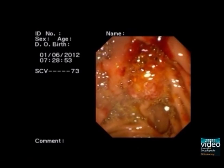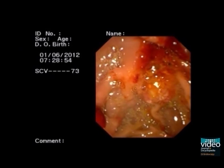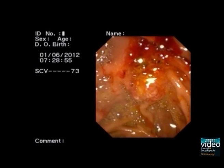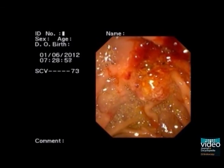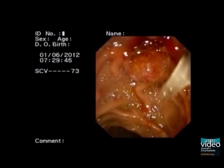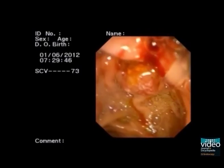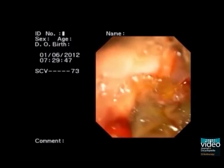An endoscopic image of the ampulla of Vater with the previous sphincterotomy. Cannulation with the CRE balloon.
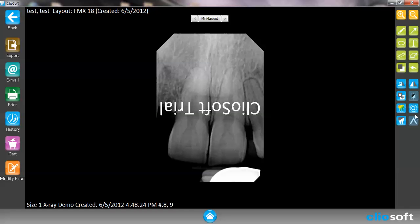We have the detail enhancer, which enhances the detail within the picture itself. Again we have the email, export, and all the other features that we have for intraoral images.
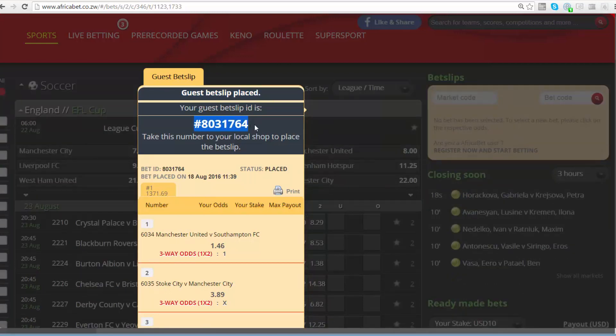By just going through these few easy steps, you get the opportunity to make money. Enjoy your betting!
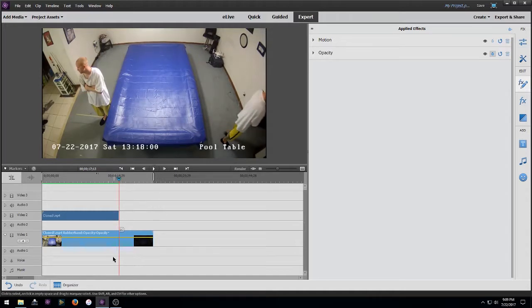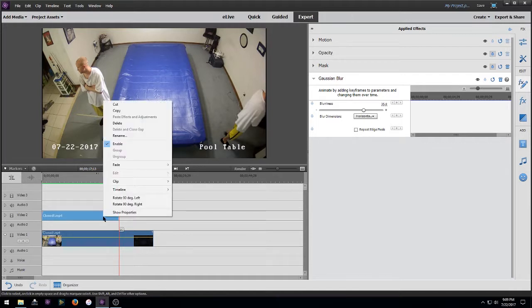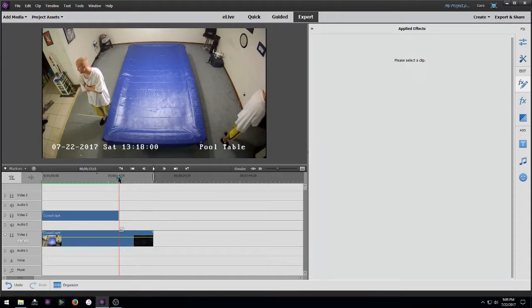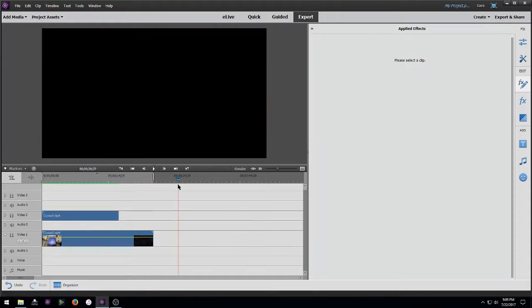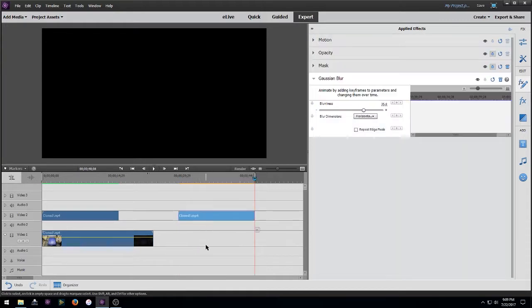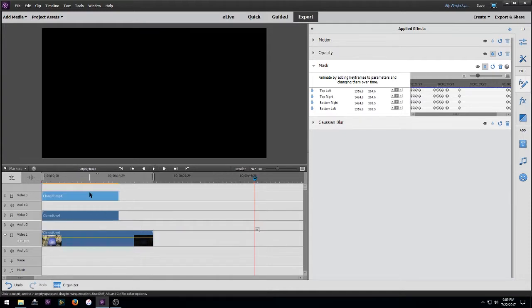All right, so now we've got to take care of the guy on the left. So what we're gonna do is right click our mask, copy, and we're just going to go past our timeline and Control+V. And that copies all of our keyframes and everything. I'm going to move this over here.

* Problem requirements *
Repeat each line word for word, from the one with "We have the detail" down to the last line of the data, and keep the pictures out of it.

* Result *
We have the detail enhancer, which enhances the detail within the picture itself. Again we have the email, export, and all the other features that we have for intraoral images.
By just going through these few easy steps, you get the opportunity to make money. Enjoy your betting!
All right, so now we've got to take care of the guy on the left. So what we're gonna do is right click our mask, copy, and we're just going to go past our timeline and Control+V. And that copies all of our keyframes and everything. I'm going to move this over here.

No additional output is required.